The first section of the book is really the novel at its best. I was taken with much of the writing, and enjoyed many individual quotes about physics and other things, for example :
I didn't go further and say that I want to know everything because of the high probability that if you know everything there'll be something to actually believe in.
 Or this description about the weather :
Monday morning and the sky is the colour of sad weddings.

Or the description of a feeling Ariel experiences :
On days like this I do not feel afraid of death or pain. I don't know if it's tiredness, the book, or even the curse, but today as I walk through this housing estate, there's a feeling inside me like the potential nuclear fission of every atom in my body: a chain reaction of energy that could take me to the limits of everything. As I walk along, I almost desire some kind of violence: to live, to die, just for the experience of it. I'm so hyped up that suddenly I want to fuck the world or be fucked by it. Yes, I want to be penetrated by the shrapnel of a million explosions. I want to see my own blood.
I don't know whether others will like these quotes, but personally I found them insightful. I could have sat here and listed many other quotes but I decided to stop at 3.

There was just a lot I liked about the opening of this book, the elusive cursed book, the academic setting and the character of Ariel herself, someone I felt I understood. I believe that detractors of this book have called it pretentious and pseudo-intellectual, but, having so recently levelled that accusation at Ali Smith's 'There But For The' I can safely say that Scarlett Thomas's 'The End Of Mr Y' bears no comparison to it. Instead, my position is that the book is incredibly intelligent and so is, clearly, its author. Where it succeeds and mightily over the former book, is that its storytelling is king. It is not a book trying to be clever, making some redundant point about society that might have been interesting ten years ago, it is actually genuinely clever. For there to be a fictional tale about a woman on a journey of discovery in a fourth dimension, a fantasy, magical realism tale; that pulls off discussions on quantum physics and philosophy, existential and otherwise, making them integral to as opposed to harming the story is a feat indeed. However, if you don't want your mind seriously taxed by difficult questions of science and existence, it would be best avoided.

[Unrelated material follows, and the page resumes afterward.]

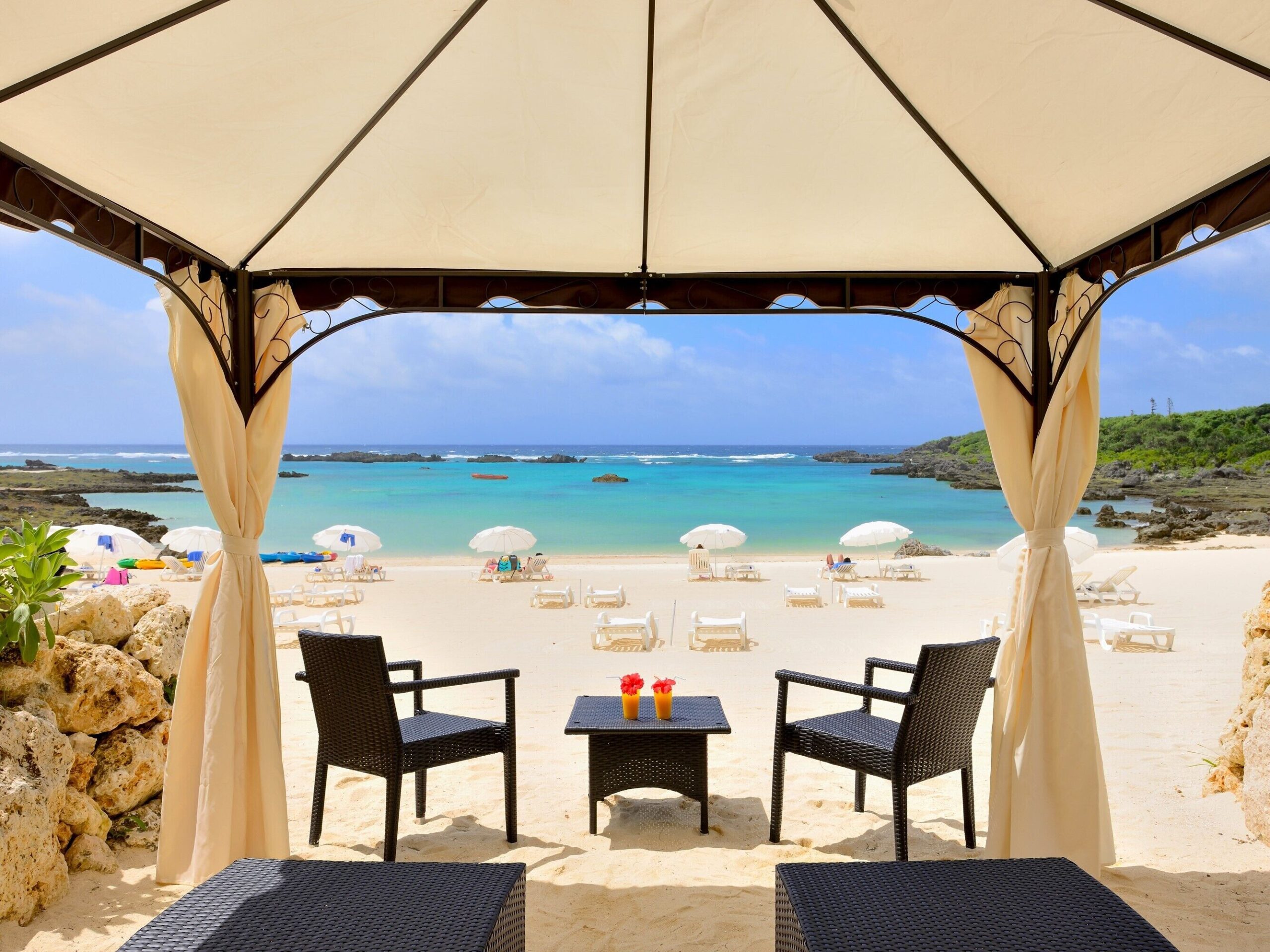 Shaded seating overlooking a beach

The middle third is somewhat difficult bearing the similarities it did to 1980's computer games and virtual reality with shades of the 1999 film 'The Matrix'. It faltered somewhat for me in this section, though I did like the concept of "Pedesis" which is brought in at this stage.

Though I have seen criticism of the ending and expected something awful I was blown away by it. Whilst looking back near the beginning of the book after completion, I noticed a foreshadowing that I had not done on the first read. This book is ABSOLUTELY a novel which bears re-reading, not least for its philosophical and theoretical concepts which are worth further exploration. I read Paradise Lost about a year ago, and this book along with others I have read this year including Mirror, Mirror and The Vintner's Luck has clearly taken some inspiration from Milton's epic poem. I think once you've read a classic like Milton you start to see his impact everywhere. I loved the ending, loved it, and would argue down and defend it against detractors.

Responses to The End Of Mr Y are very clearly polarised and I would say that this is a book you will either fall in love with or detest, fortunately I am of the former camp. And though reader responses to Thomas's other novels 'Popco' and 'Our Tragic Universe' are equally polarised I look forward to reading them with serious enthusiasm.

For me this is a Read This: 10/10 book, but I have the objectivity to recognise that for some people this book may be the exact opposite.